AIM OF THE EXERCISE:
A word-for-word copy of the listing is required, and it must contain no pictures.

[LISTED ENTRIES — start]

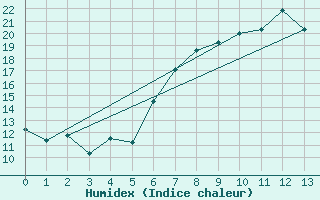 Courbe de l'humidex pour Adelboden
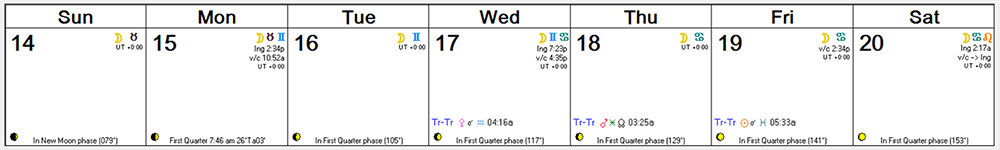 Weekly Astro Forecast -- Feb 14, 2016 - Feb 20, 2016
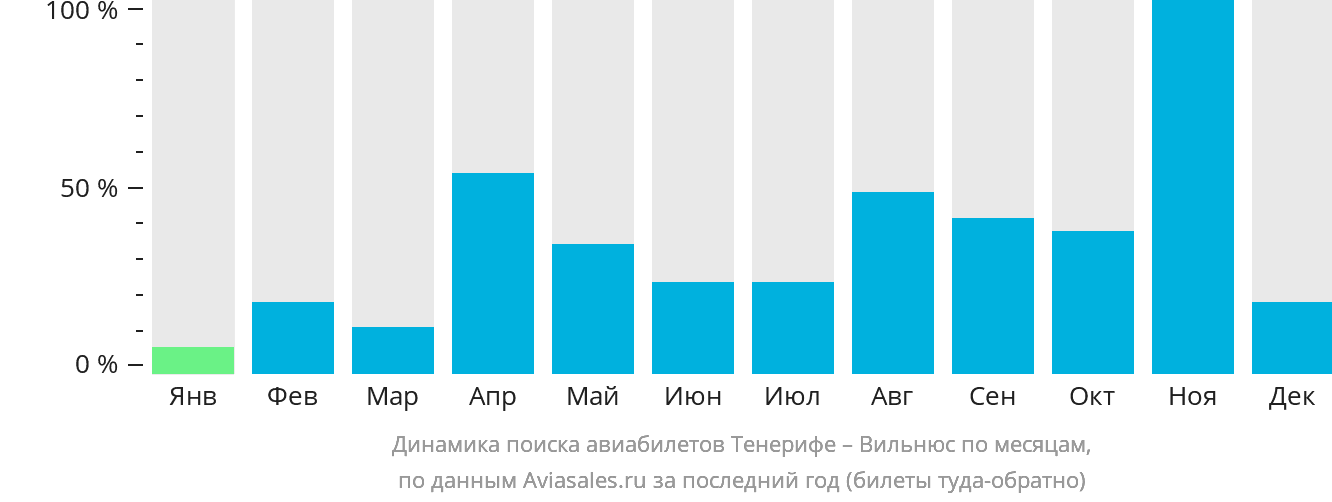 Динамика поиска авиабилетов из Тенерифе в Вильнюс по месяцам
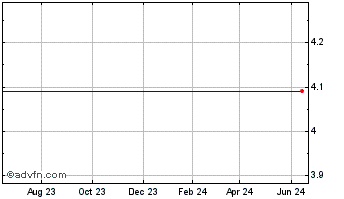 1 Year ZAIS Group Holdings, Inc. Chart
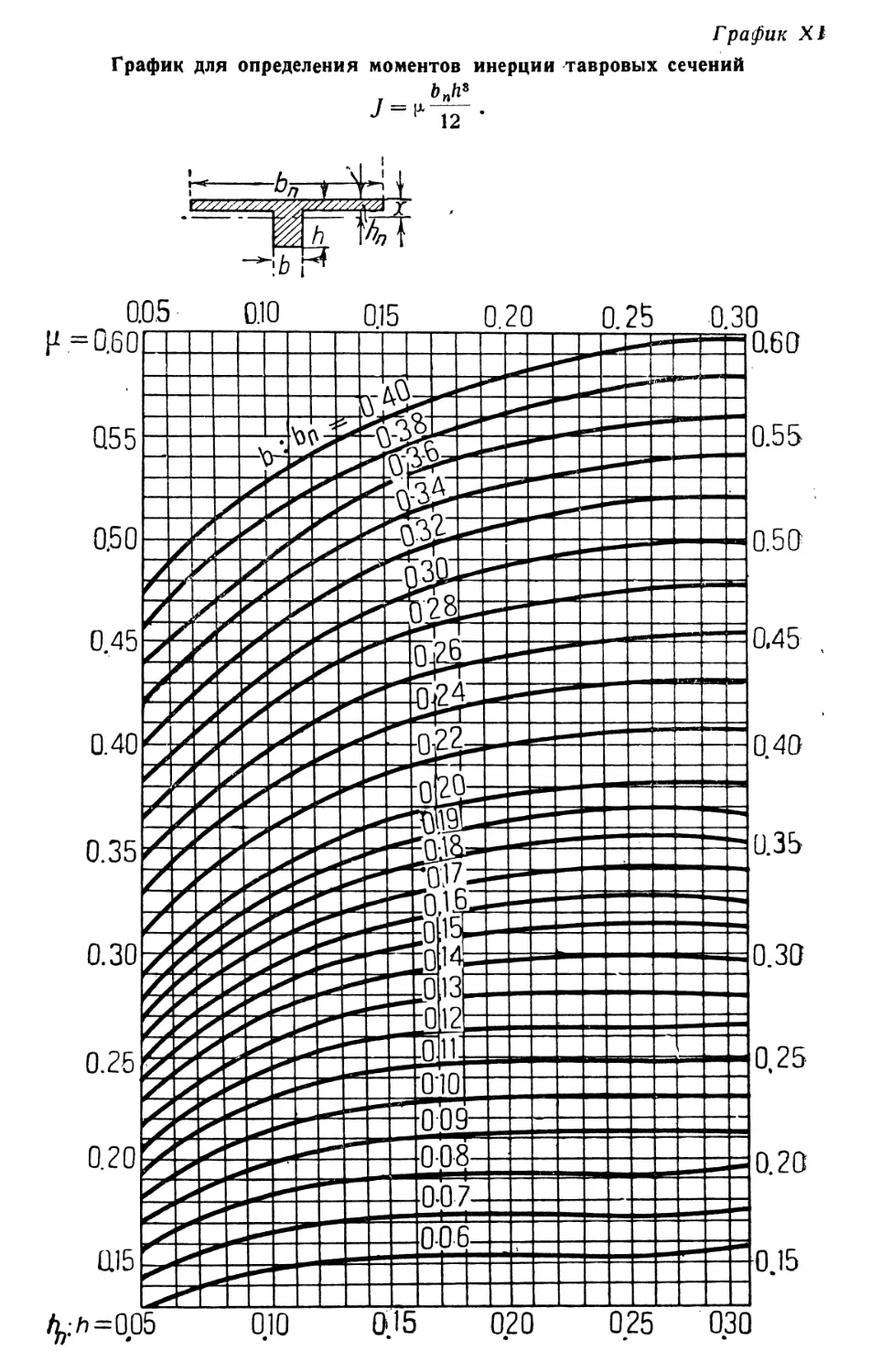 X.  а, б. Графики для расчета внецентреьно сжатых прямоугольных сечений с двойной симметричной арматурой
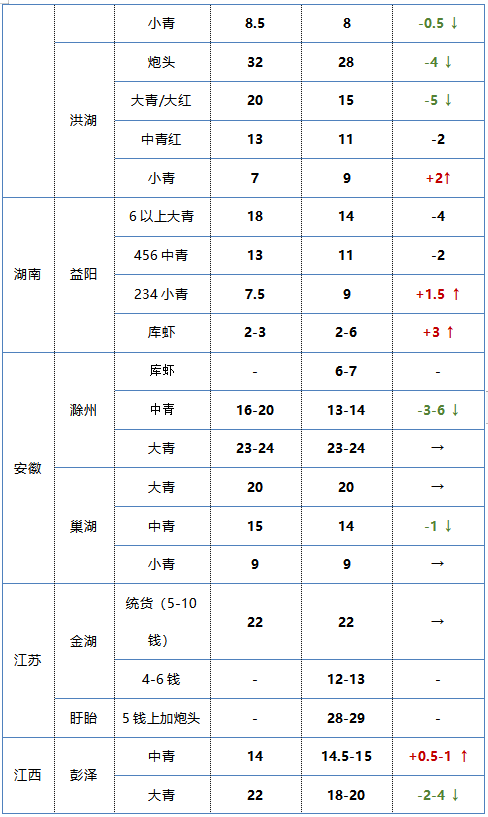 小龍蝦最新價格揭秘，友情與季節(jié)的交織故事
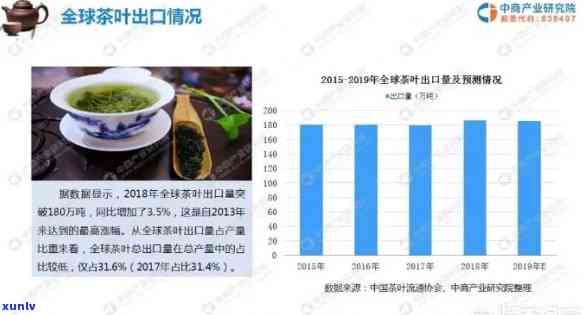 宜都家湾茶叶市场行情：价格分析、品质比较及购茶建议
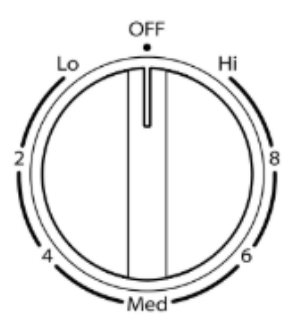 Whirlpool Freestanding Electric Range --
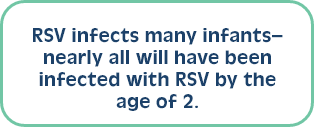 RSV infects many infants–nearly all will have been infected with RSV by the age of 2. 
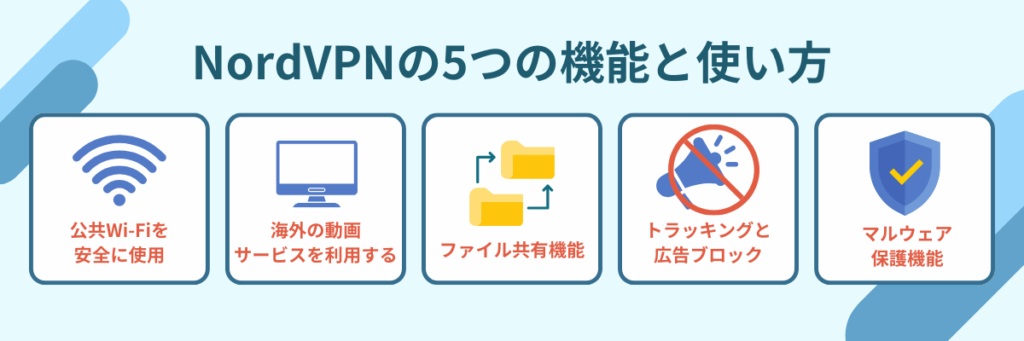 NordVPN 機能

[LISTED ENTRIES — finish]

EXPECTED OUTPUT:
 Courbe de l'humidex pour Adelboden
 Weekly Astro Forecast -- Feb 14, 2016 - Feb 20, 2016
 Динамика поиска авиабилетов из Тенерифе в Вильнюс по месяцам
 1 Year ZAIS Group Holdings, Inc. Chart
 X.  а, б. Графики для расчета внецентреьно сжатых прямоугольных сечений с двойной симметричной арматурой
 小龍蝦最新價格揭秘，友情與季節(jié)的交織故事
 宜都家湾茶叶市场行情：价格分析、品质比较及购茶建议
 Whirlpool Freestanding Electric Range --
 RSV infects many infants–nearly all will have been infected with RSV by the age of 2. 
 NordVPN 機能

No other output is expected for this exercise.